__Your objective__
Within the lines below, the span from the line with "ニコールミラーのインスタグラム：「Out and about- some" to the line with "Godet râteau pour minichargeur - Ковш: фото 3 Godet", both ends included, is to be reproduced exactly, with pictures omitted.

(Stored data entries)
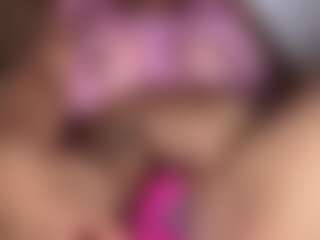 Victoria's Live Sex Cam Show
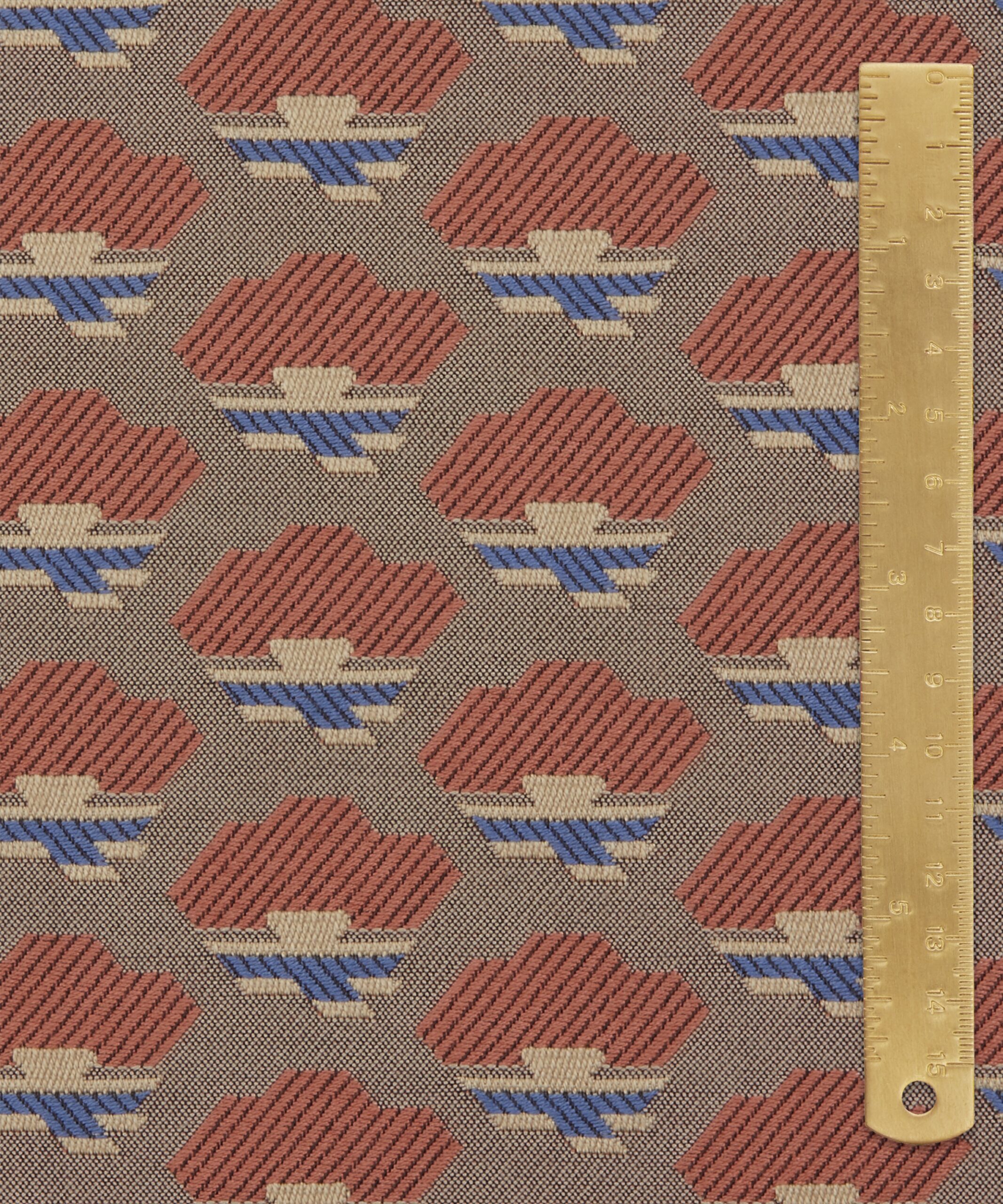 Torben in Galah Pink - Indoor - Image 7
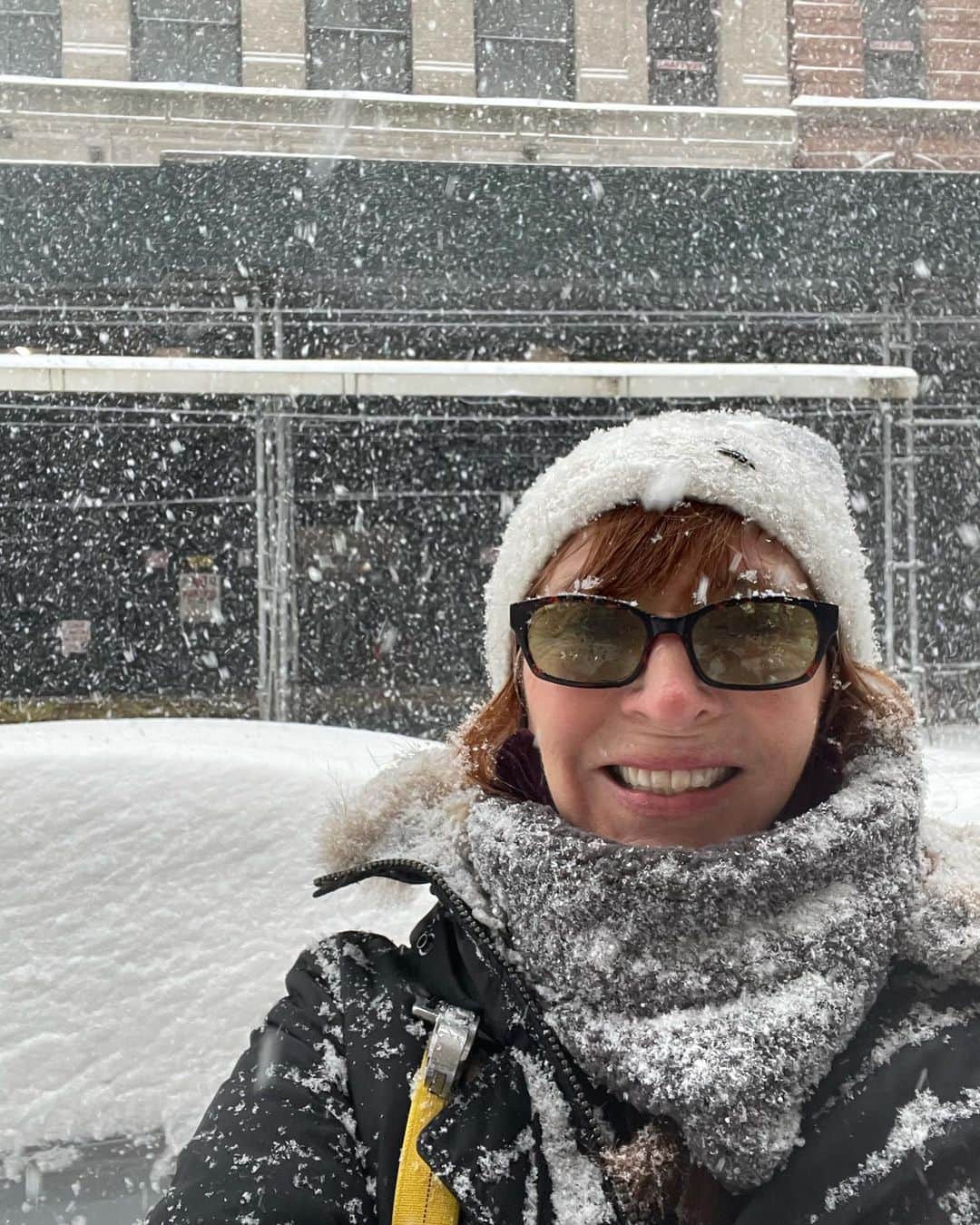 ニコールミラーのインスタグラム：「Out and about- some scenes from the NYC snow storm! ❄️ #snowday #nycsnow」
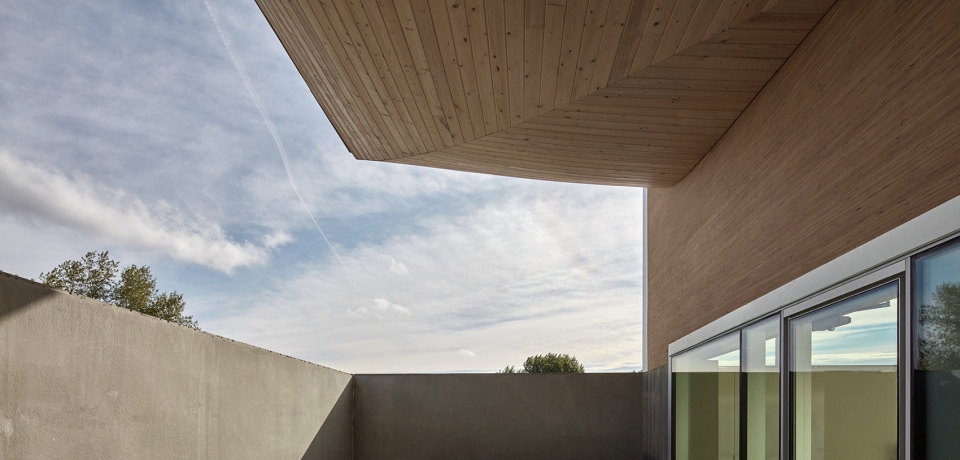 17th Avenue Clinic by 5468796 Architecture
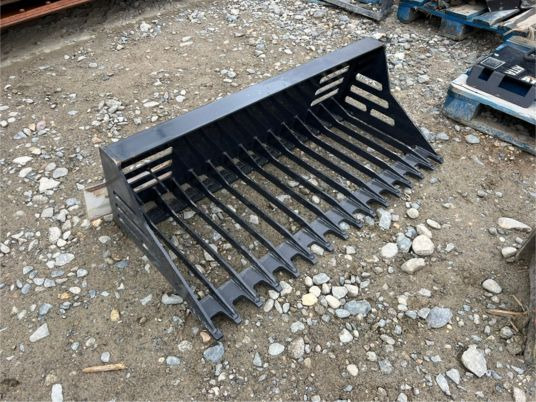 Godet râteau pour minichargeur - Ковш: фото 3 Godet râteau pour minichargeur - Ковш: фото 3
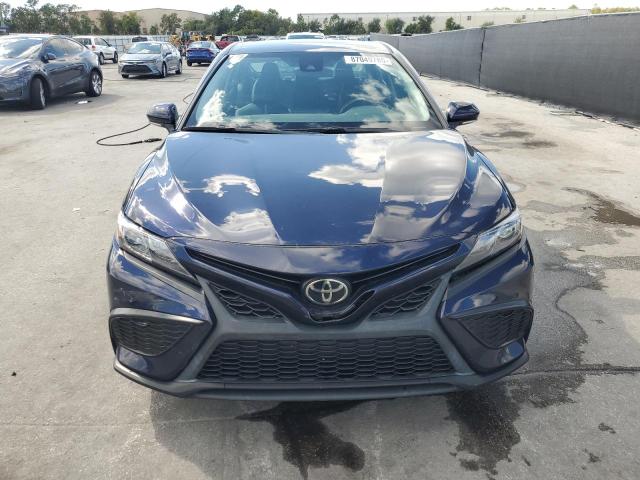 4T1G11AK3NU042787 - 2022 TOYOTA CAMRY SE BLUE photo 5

__Answer section__
 ニコールミラーのインスタグラム：「Out and about- some scenes from the NYC snow storm! ❄️ #snowday #nycsnow」
 17th Avenue Clinic by 5468796 Architecture
 Godet râteau pour minichargeur - Ковш: фото 3 Godet râteau pour minichargeur - Ковш: фото 3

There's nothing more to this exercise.